* **WHAT YOU ARE ASKED TO DO**
Transcribe every entry word for word, leaving out all images.

* **SOURCE INFORMATION**

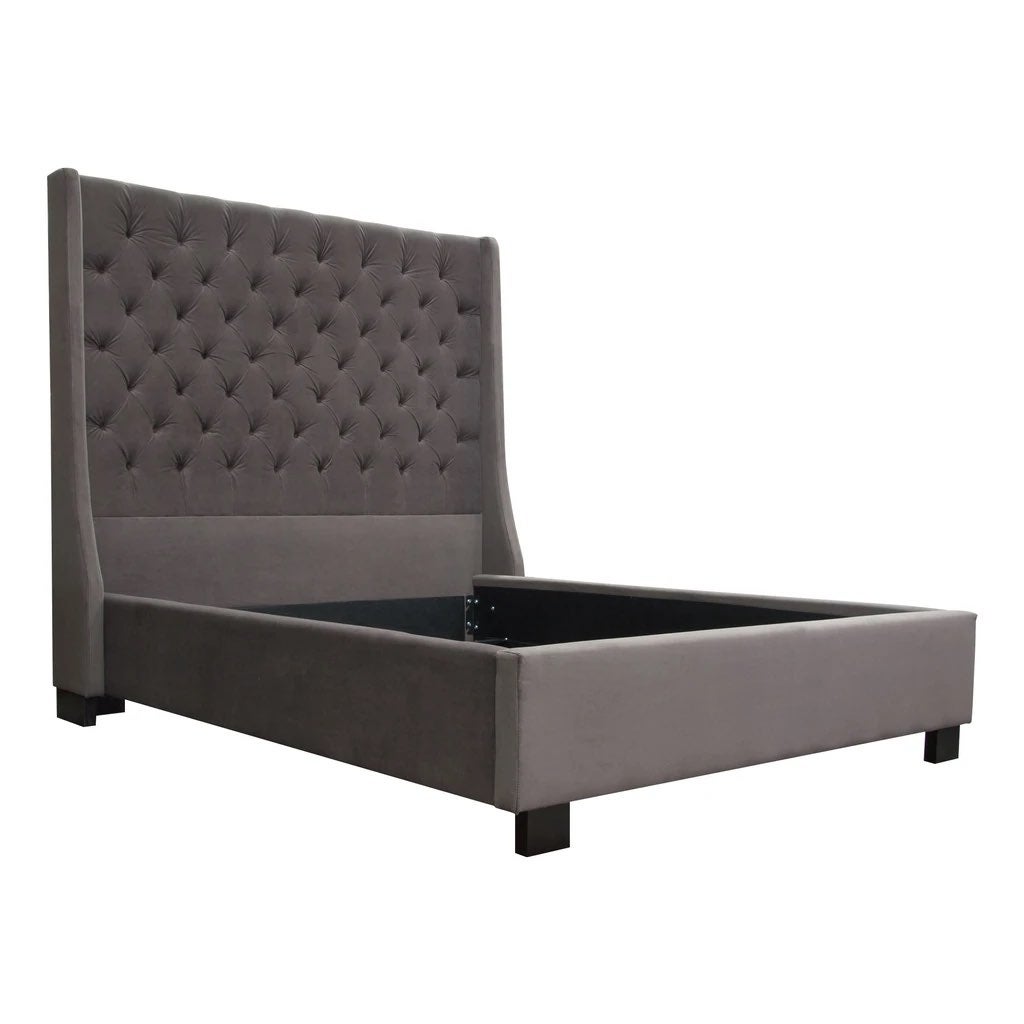 Velvet diamond tufted queen bed frame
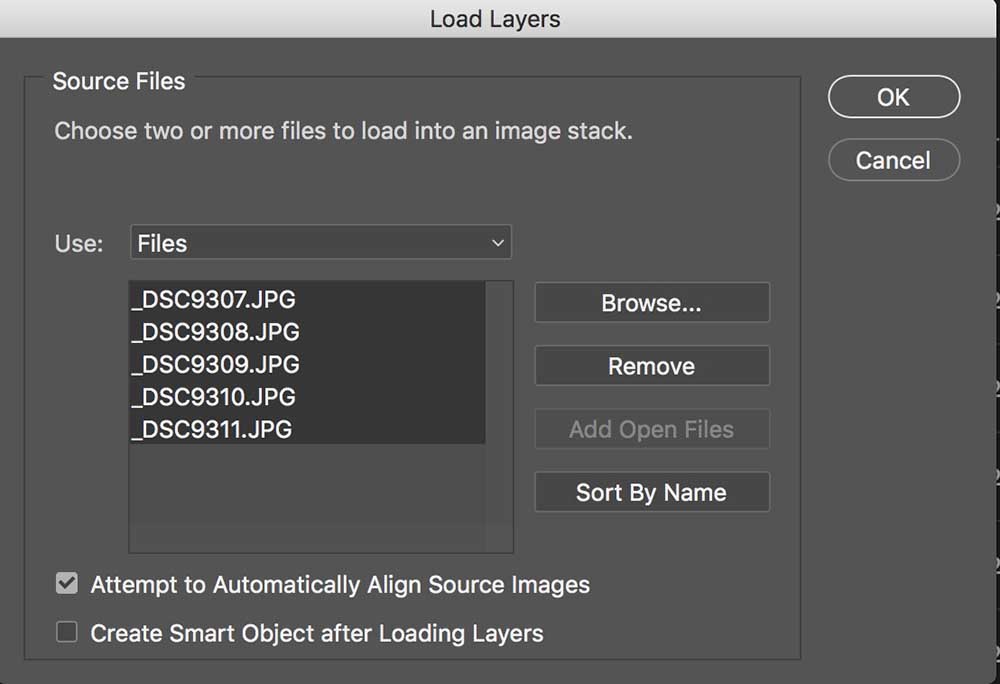 Photoshop Screen Shot Focus Stacking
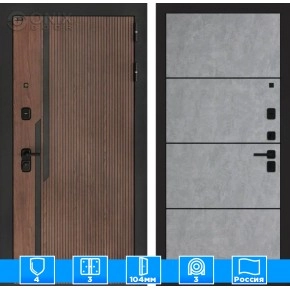 Входная дверь KARMINA 25 - Бетон светлый, черный молдинг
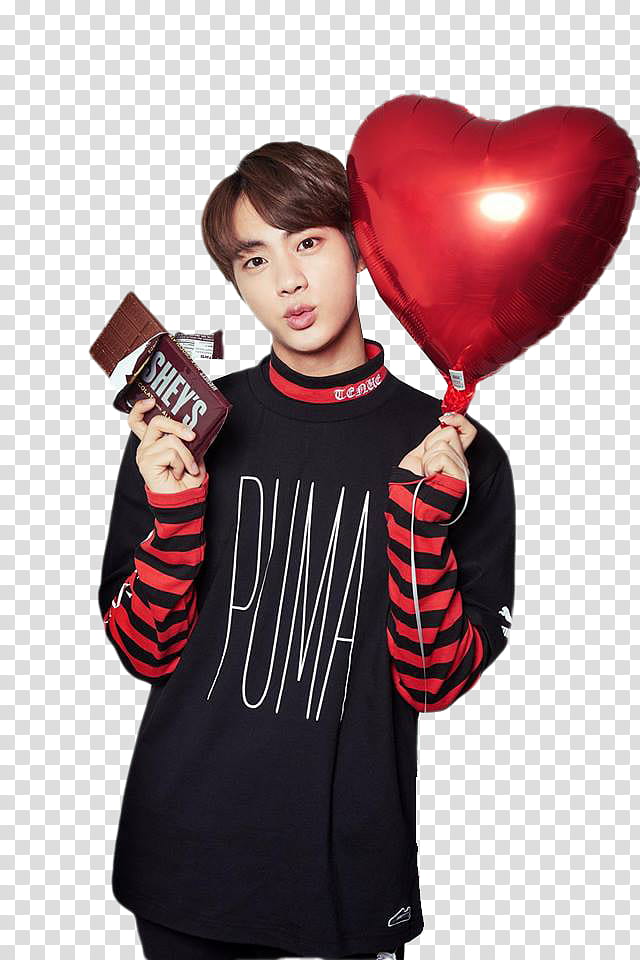BTS, man wearing black and white Puma crew-neck shirt holding balloon and Hershey's chocolate bar transparent background PNG clipart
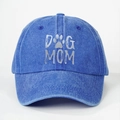 Detailed view of DOG MOM print and paw icon on washed denim baseball cap - One Size / Royal Blue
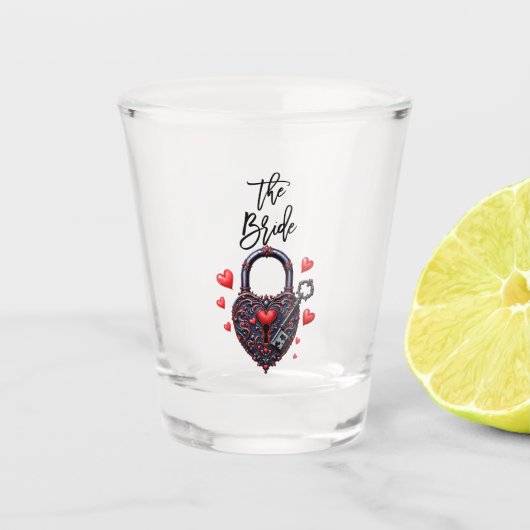 De Bruid Goth Hart Slot en Sleutel Shot Glas (Voorkant)
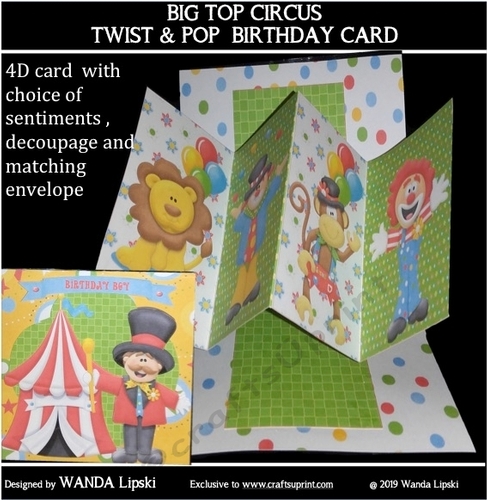 BIG TOP CIRCUS TWIST & POP BIRTHDAY CARD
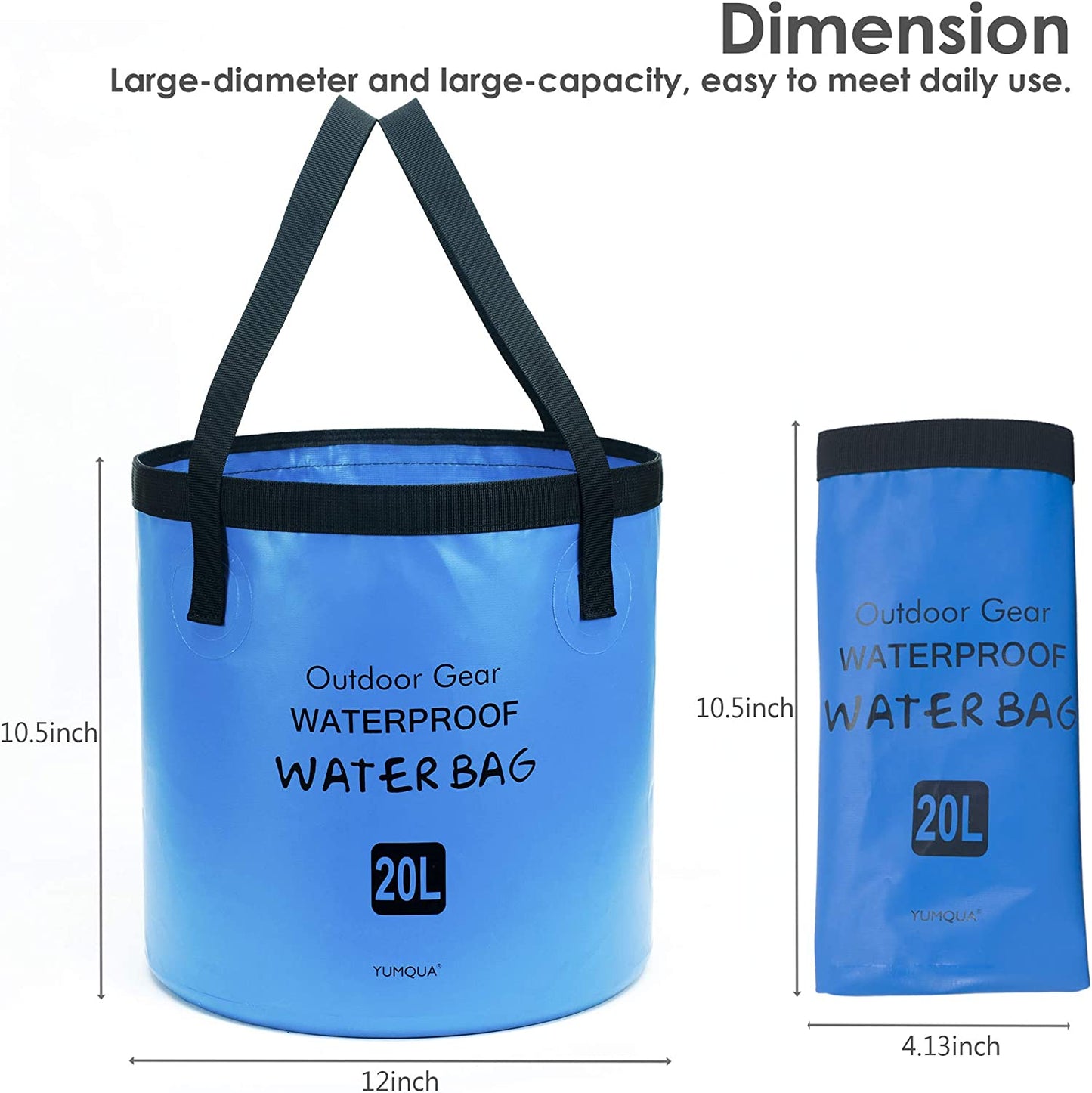 Collapsible Bucket 5 Gallon, Multifunctional Portable Folding Bucket Water Container Wash Basin for Camping Fishing Hiking Traveling Backpacking Outdoor Survival Gardening Car Washing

* **SOLUTION BELOW**
 Velvet diamond tufted queen bed frame
 Photoshop Screen Shot Focus Stacking
 Входная дверь KARMINA 25 - Бетон светлый, черный молдинг
BTS, man wearing black and white Puma crew-neck shirt holding balloon and Hershey's chocolate bar transparent background PNG clipart
 Detailed view of DOG MOM print and paw icon on washed denim baseball cap - One Size / Royal Blue
 De Bruid Goth Hart Slot en Sleutel Shot Glas (Voorkant)
 BIG TOP CIRCUS TWIST & POP BIRTHDAY CARD
 Collapsible Bucket 5 Gallon, Multifunctional Portable Folding Bucket Water Container Wash Basin for Camping Fishing Hiking Traveling Backpacking Outdoor Survival Gardening Car Washing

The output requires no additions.